**Supplied data**
###

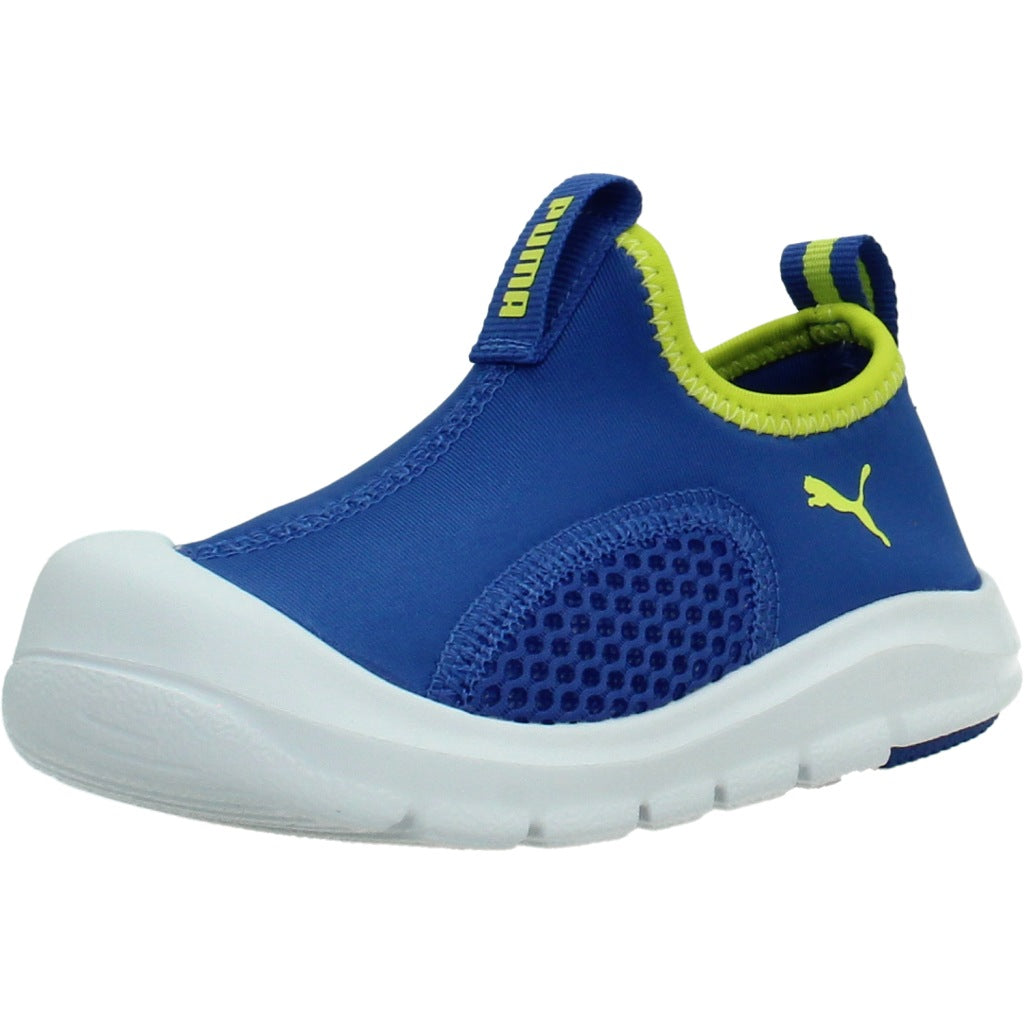 PUMA FUN RACER WATER en color AZUL (1)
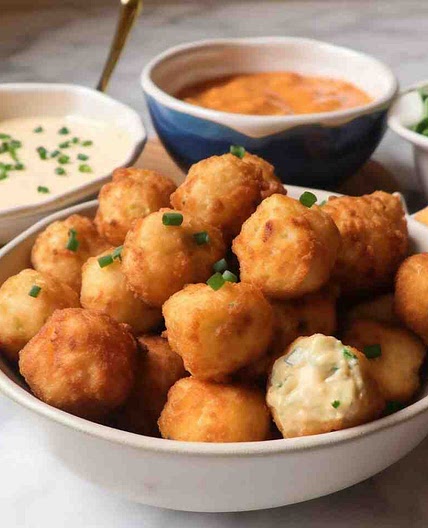 Fried Chicken Meatballs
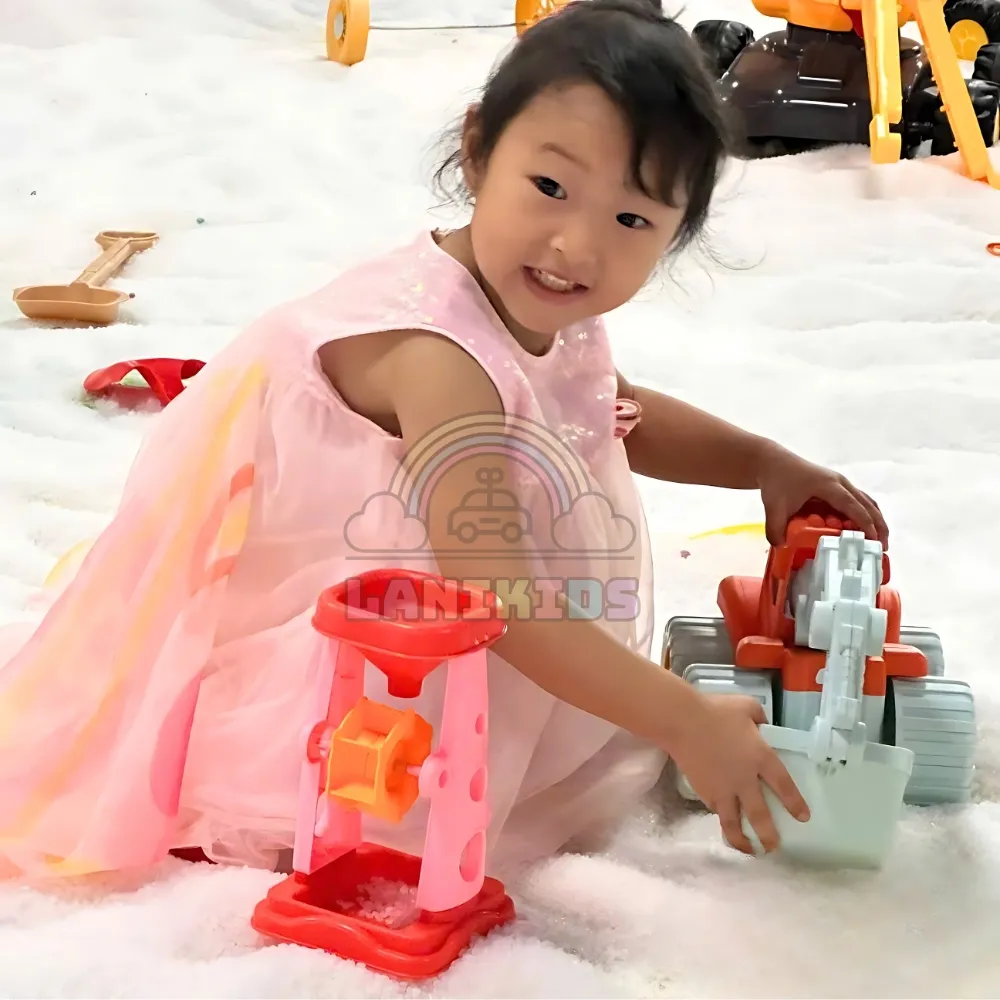 Guồng Cát Mini Đồ Chơi Xúc Cát Cho Bé – Nhựa ABS An Toàn, Đa Màu Bền Đẹp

###

**Exercise directions**
Without including any picture, write out the material above verbatim.

**Answer space**
 PUMA FUN RACER WATER en color AZUL (1)
 Fried Chicken Meatballs
 Guồng Cát Mini Đồ Chơi Xúc Cát Cho Bé – Nhựa ABS An Toàn, Đa Màu Bền Đẹp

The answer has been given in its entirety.